This is not the ETF revolution that democratised investing. This is something else — a flood of complex, high-fee products engineered primarily to attract assets rather than improve outcomes. Call it ETF slop: a high-volume proliferation of investment products that look innovative on paper but are likely to leave most buyers worse off.

The original promise of ETFs was straightforward: get broad market exposure at a fraction of the cost of actively managed mutual funds. Index ETFs with fees below 0.1% made that promise real. Investors responded by pulling billions from high-fee active funds. That was a genuine win. But the fund industry, facing squeezed margins and entrenched competition from giants like Vanguard and BlackRock, didn't sit still. Instead, it pivoted — packaging complexity, leverage, and behavioral appeal into ETF wrappers and marketing them aggressively to retail investors.

The result is a market where finding quality is harder than it used to be. The good products still exist. They're just increasingly buried.

Thematic ETFs: Buying the Story After the Peak

Thematic ETFs focus on specific economic trends — AI, clean energy, electric vehicles, cannabis, the metaverse. They are among the most emotionally compelling products in the ETF market, and among the worst-performing.

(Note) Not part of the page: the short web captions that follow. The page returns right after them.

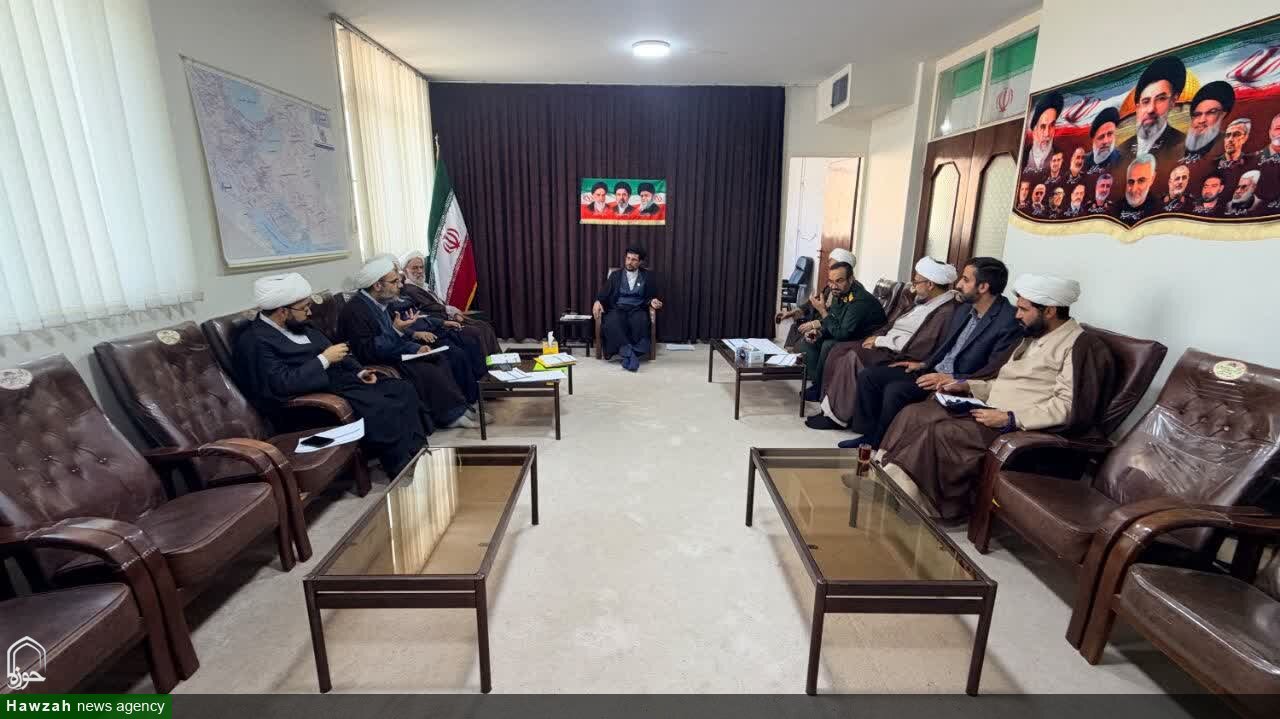 مساجد به کانون فعالیت‌های فرهنگی و انقلابی تبدیل شوند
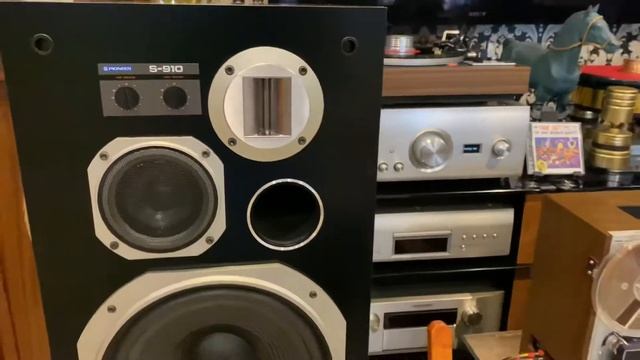 Dual 1249 Turntable and Pioneer S-910 Speakers driven by Denon PMA 2500 NE смотреть онлайн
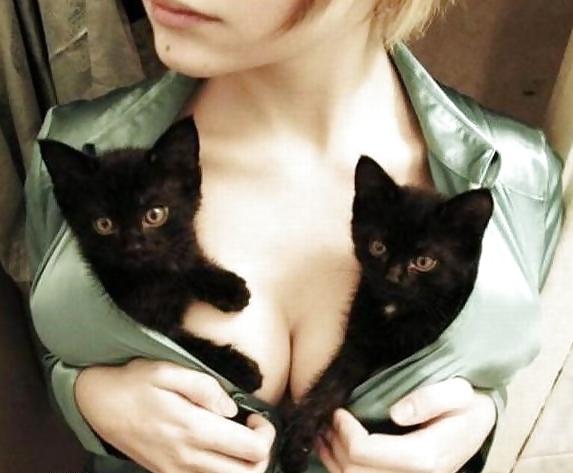 24P Girls caught doing funny things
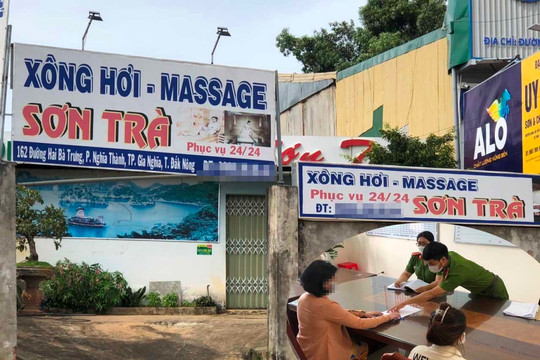 Triệt phá tụ điểm mại dâm dưới vỏ bọc cơ sở massage ở Đắk Nông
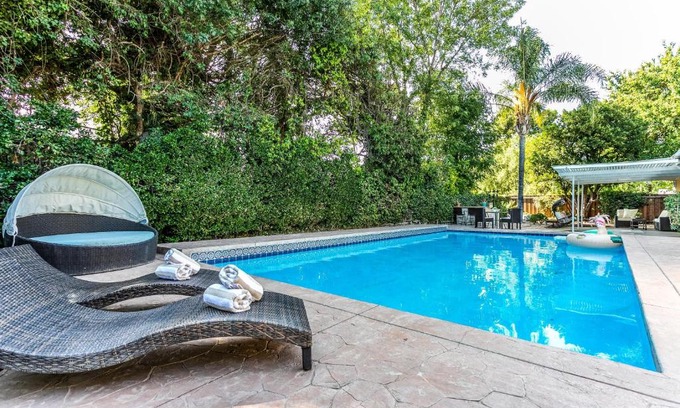 Woodland Hills House | Villa Sausalito - Newly Designed 4BR HOUSE & POOL by Topanga
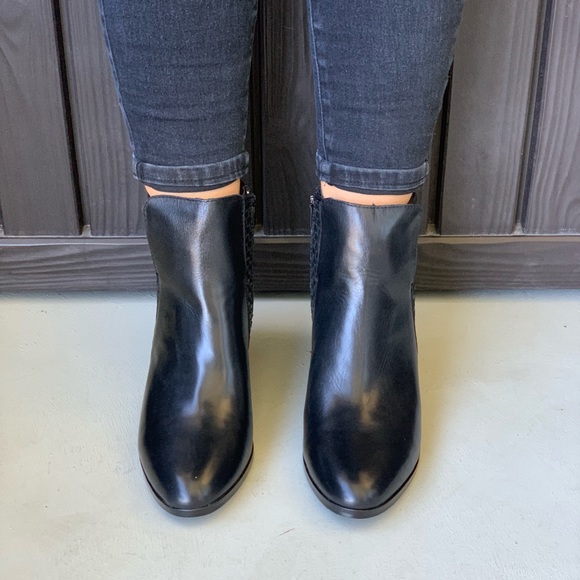 Black Woven Details Genuine Leather Ankle Boots - Picture 8 of 8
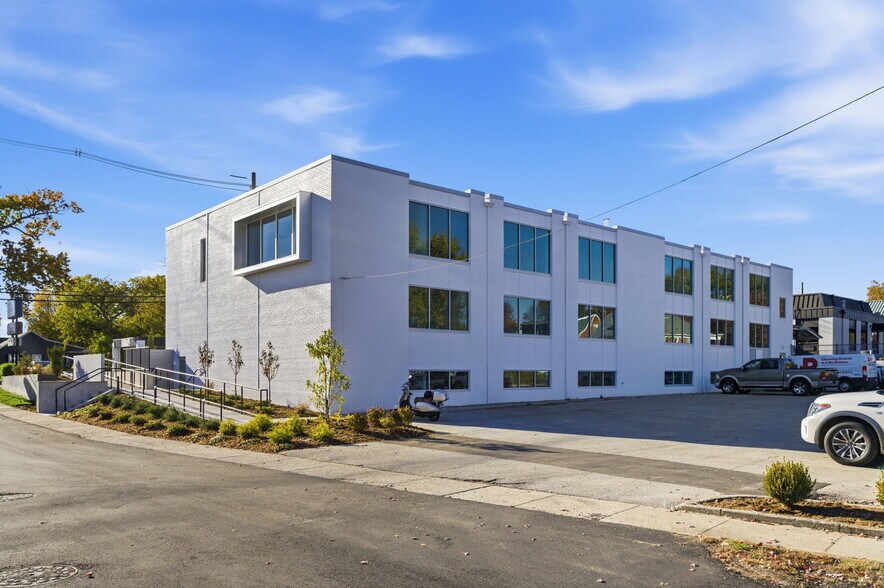 More Photos Of 125 Chenoweth Ln, Louisville Office Residential For Lease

The mechanism behind their underperformance is well-documented. Thematic ETFs typically launch after the theme they represent has already delivered strong returns and attracted heavy media coverage. By the time the fund is available to retail investors, the stocks it holds have already been bid up to reflect optimistic expectations. What follows is predictable: expectations normalise, prices fall, and performance disappoints.

A 2021 academic study found that thematic ETFs underperform by an average of 6% per year in the five years following launch. Morningstar's Global Thematic Fund Landscape report reinforces this, finding that just over 10% of thematic funds globally manage to both survive and outperform global equities at the 10-year horizon. For Canadian-listed thematic funds, the data is more severe — 100% either close or underperform at 10 years, and 100% close by the 15-year mark.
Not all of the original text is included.